Q. In Spain, the so-called ‘only yes is yes’ law was passed last year. But could a ‘yes’ respond to a forced giving in and not to a consent, according to the distinction you make?

A. I like this formula, because ‘yes’ is beautiful, it is an opening towards the other. ‘Yes’ is truly ‘yes’ to the other.

Q. Could there be ‘yeses’ that become ‘noes’?

A. Indeed, ‘only yes is yes’ doesn’t fully resolve the question of the experience of consent. In the case of Vanessa Springora [the author of Consent, a book about her relationship, when she was 14 years old, with the writer Gabriel Matzneff, who was 50], although she was a minor, there was a ‘yes’ on her part, a genuine consent. But was it a ‘yes’ to what happened to her afterward? Basically, when you consent to an encounter, whether you are a minor or an adult, you say ‘yes’ on the basis of a certain trust towards the other. But you may have said ‘yes’ to an encounter and find yourself in a situation of betrayal, of forced consent, because what you said ‘yes’ to isn’t what you ended up finding. Vanessa Springora said ‘yes’ based on a belief in love and gave in to a situation that wasn’t love, but which made her a pure object of another’s enjoyment.

Q. How would you analyze the public kiss this summer, after Spain’s victory in the football World Cup, from the then president of the Royal Spanish Football Federation to the winning player Jenni Hermoso?

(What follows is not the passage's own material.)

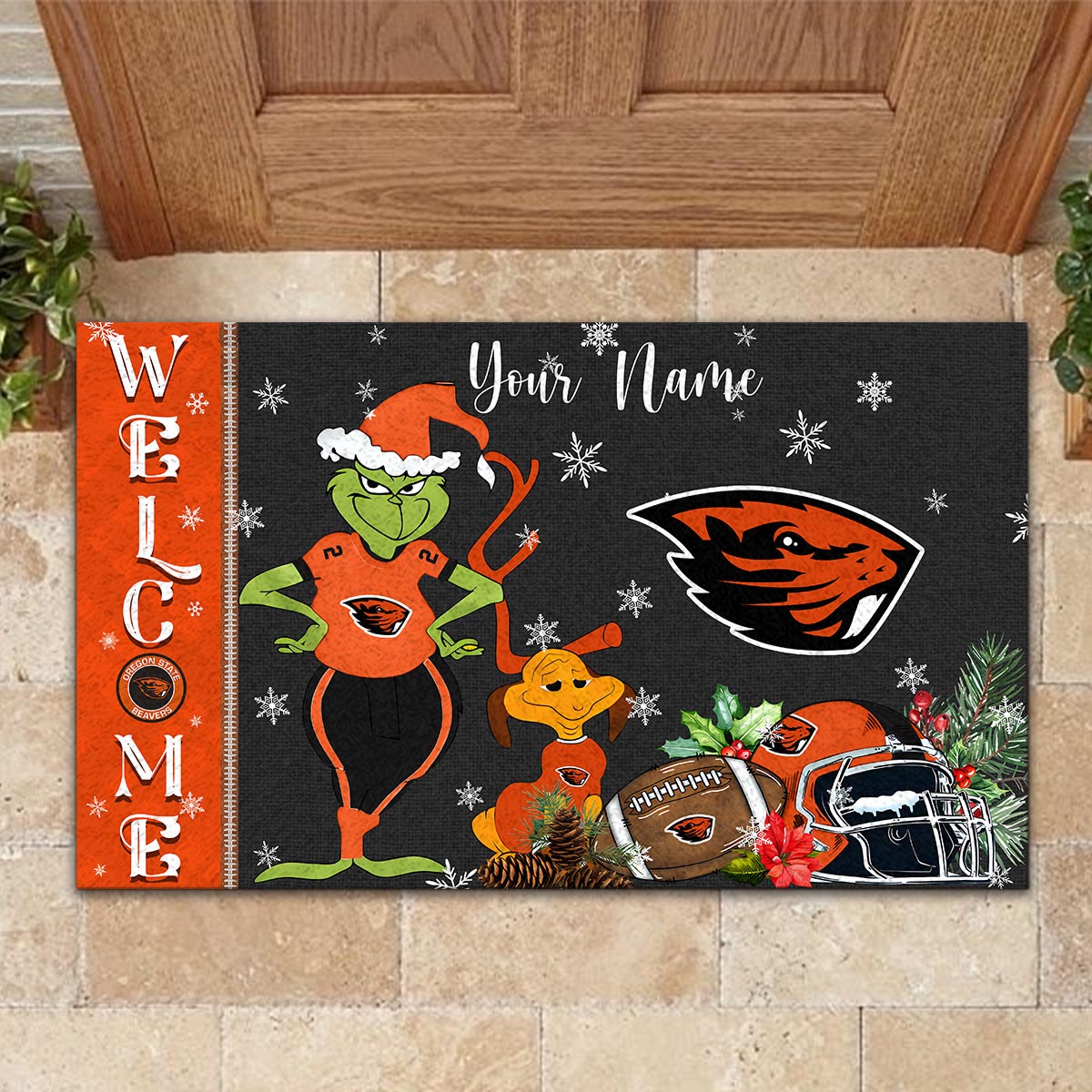 Oregon State Beavers Grinch Christmas Welcome Football Doormat - Famjoys Oregon State Beavers Grinch Christmas Welcome Football Doormat - Famjoys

A. Control over another’s body in public is a demonstration of power. Through this action, which didn’t take into account Jenni Hermoso’s consent or non-consent, something was asserted that relates to the monopoly of enjoyment that is enforced as legitimate from a position of power. And even more so knowing that the scene was unfolding before everyone’s eyes.

Q. In your new book in French, you study the word ‘toxic.’ Why has its use become so widespread?

A. Because it designates a new form of malaise in civilization, to quote Freud. Today, the word ‘toxic’ is used as a metaphor for what poisons us in our relationships with others. If the term has gained traction, it’s also in the post-MeToo political context, which has introduced a new kind of sensitivity towards rape, and in a post-pandemic historical context, which has confronted us with the vulnerability of being alive. What is toxic is both what forces something of our desire and what endangers what is alive. It’s a way of putting a name to an experience that suffocates us, a new discomfort in pleasure, a misdirection of the impulse. It involves a strange poison. We could say that the toxic experience can procure a form of pleasure that also produces an addiction, and only in retrospect does it appear as something harmful and dangerous for human life.

Q. How can you detoxify?

A. If we believe what is toxic to be an effect of discourse, of the word of another, we can only resort to the pharmakon [the remedy], which is also the word, but a word that instead of suffocating us will allow us to breathe and explore what has intoxicated us, and it will guide us towards the recognition of our desire.